**EXERCISE DESCRIPTION:** Lines after the one containing "Socket Bit, Steel, 1/2 in, TpSz T50-6 pack" are to be omitted; print exactly each line from the start of the records up to and including it.

═════ INPUT FOR THIS TASK

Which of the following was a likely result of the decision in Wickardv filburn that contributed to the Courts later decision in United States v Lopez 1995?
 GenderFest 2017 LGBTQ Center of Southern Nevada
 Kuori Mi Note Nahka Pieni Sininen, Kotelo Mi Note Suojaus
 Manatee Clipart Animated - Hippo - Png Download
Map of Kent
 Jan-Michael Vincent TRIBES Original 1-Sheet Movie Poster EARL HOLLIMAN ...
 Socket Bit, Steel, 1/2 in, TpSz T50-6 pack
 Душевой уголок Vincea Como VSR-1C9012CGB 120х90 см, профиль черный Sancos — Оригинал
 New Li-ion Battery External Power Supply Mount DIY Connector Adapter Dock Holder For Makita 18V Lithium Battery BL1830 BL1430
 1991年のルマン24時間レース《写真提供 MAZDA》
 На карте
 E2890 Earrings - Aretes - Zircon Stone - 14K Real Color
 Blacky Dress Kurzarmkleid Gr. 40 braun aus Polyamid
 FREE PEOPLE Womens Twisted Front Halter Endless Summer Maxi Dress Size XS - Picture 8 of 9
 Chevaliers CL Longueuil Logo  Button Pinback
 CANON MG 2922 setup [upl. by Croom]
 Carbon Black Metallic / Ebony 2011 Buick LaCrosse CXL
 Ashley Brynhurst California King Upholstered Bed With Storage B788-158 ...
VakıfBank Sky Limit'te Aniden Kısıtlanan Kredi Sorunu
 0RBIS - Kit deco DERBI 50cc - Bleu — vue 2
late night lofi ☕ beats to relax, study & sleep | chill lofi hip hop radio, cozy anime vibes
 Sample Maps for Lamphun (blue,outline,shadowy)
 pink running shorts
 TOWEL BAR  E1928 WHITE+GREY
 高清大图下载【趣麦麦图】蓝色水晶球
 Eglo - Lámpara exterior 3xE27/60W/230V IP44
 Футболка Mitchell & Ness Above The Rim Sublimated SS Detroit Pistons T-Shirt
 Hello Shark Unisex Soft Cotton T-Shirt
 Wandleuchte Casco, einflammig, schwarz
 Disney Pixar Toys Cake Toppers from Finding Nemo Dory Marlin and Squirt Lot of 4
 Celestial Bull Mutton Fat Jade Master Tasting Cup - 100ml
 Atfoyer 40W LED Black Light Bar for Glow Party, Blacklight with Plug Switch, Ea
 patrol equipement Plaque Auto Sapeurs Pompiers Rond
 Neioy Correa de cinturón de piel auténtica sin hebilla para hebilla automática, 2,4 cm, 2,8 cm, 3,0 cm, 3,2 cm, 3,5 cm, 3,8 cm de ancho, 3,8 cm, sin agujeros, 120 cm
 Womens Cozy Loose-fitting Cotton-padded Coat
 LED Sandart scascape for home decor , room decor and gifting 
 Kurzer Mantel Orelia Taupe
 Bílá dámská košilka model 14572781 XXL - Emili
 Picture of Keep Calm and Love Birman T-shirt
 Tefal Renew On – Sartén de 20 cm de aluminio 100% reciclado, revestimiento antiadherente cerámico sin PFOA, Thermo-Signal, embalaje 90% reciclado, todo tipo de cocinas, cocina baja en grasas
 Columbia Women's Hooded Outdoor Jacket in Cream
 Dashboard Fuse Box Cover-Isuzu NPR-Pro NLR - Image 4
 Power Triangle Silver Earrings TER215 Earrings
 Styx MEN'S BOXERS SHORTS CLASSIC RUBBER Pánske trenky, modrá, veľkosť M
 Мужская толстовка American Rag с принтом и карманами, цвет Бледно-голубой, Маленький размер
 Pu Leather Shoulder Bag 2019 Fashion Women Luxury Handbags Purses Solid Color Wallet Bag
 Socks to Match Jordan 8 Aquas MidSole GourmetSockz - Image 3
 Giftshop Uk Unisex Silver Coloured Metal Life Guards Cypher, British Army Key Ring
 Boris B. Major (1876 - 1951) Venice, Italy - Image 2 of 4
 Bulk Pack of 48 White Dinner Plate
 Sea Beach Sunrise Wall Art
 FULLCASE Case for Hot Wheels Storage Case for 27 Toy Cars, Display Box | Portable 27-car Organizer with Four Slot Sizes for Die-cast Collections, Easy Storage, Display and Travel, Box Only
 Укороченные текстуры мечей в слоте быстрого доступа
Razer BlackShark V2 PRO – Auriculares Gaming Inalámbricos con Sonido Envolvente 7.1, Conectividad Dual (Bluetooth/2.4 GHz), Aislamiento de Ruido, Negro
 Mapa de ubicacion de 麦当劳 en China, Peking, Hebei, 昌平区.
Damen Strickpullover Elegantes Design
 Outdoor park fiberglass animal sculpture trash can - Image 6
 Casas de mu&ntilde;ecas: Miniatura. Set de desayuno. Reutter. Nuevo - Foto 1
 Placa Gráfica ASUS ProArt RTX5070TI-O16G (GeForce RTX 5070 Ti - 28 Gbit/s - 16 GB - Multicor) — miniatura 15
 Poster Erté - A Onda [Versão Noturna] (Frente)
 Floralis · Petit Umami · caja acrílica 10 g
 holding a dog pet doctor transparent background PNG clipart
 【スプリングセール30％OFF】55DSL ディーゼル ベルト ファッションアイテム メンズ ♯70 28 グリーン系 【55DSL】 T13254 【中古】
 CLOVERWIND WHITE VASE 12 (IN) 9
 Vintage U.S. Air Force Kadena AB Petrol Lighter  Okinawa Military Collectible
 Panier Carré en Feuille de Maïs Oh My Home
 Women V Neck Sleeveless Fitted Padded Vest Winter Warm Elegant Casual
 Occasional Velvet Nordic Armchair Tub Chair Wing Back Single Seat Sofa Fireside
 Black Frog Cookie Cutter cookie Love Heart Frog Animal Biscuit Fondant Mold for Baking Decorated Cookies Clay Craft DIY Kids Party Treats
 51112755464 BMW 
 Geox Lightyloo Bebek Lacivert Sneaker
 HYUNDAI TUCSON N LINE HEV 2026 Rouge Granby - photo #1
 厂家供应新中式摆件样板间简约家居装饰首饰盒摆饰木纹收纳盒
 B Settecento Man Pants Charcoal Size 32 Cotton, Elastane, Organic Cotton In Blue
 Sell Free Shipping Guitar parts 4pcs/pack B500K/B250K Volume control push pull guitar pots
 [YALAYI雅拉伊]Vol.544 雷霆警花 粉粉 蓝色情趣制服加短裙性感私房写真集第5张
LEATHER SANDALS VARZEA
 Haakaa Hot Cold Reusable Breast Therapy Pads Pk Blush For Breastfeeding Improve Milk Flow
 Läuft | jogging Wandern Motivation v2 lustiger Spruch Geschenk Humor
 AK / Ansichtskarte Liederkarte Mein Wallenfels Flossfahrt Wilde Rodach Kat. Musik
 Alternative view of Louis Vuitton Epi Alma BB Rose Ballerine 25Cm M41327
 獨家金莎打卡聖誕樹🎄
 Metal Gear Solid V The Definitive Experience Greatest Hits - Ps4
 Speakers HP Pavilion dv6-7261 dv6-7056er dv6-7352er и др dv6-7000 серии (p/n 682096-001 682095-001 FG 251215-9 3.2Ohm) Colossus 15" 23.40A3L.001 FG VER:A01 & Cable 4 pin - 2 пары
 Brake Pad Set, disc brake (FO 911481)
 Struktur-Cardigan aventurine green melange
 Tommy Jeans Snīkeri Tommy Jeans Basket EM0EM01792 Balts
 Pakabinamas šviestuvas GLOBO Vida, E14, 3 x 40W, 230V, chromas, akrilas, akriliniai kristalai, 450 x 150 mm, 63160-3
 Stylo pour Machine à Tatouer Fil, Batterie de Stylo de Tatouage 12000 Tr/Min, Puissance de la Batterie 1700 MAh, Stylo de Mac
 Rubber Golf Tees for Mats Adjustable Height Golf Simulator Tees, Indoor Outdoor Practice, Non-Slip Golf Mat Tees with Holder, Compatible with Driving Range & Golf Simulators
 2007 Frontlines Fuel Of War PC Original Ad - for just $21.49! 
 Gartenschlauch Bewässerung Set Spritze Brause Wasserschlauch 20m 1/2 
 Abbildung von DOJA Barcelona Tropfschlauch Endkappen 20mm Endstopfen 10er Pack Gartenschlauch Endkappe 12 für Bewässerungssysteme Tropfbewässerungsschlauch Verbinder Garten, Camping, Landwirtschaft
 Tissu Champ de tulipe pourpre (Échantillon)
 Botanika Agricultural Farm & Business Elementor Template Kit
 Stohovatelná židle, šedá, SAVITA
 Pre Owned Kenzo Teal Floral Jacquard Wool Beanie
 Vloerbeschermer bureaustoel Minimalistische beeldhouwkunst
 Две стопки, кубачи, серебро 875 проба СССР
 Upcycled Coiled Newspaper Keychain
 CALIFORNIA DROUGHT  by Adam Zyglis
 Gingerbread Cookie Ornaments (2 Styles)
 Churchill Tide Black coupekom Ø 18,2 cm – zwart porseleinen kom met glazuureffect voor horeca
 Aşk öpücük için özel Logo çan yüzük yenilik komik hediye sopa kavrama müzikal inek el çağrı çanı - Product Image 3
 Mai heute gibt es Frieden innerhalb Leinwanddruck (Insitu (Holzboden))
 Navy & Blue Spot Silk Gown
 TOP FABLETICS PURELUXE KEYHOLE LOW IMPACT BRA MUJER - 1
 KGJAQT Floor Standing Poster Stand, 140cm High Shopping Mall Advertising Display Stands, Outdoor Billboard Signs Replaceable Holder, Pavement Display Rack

══════════

**SOLUTION TO THIS PROBLEM:**
Which of the following was a likely result of the decision in Wickardv filburn that contributed to the Courts later decision in United States v Lopez 1995?
 GenderFest 2017 LGBTQ Center of Southern Nevada
 Kuori Mi Note Nahka Pieni Sininen, Kotelo Mi Note Suojaus
 Manatee Clipart Animated - Hippo - Png Download
Map of Kent
 Jan-Michael Vincent TRIBES Original 1-Sheet Movie Poster EARL HOLLIMAN ...
 Socket Bit, Steel, 1/2 in, TpSz T50-6 pack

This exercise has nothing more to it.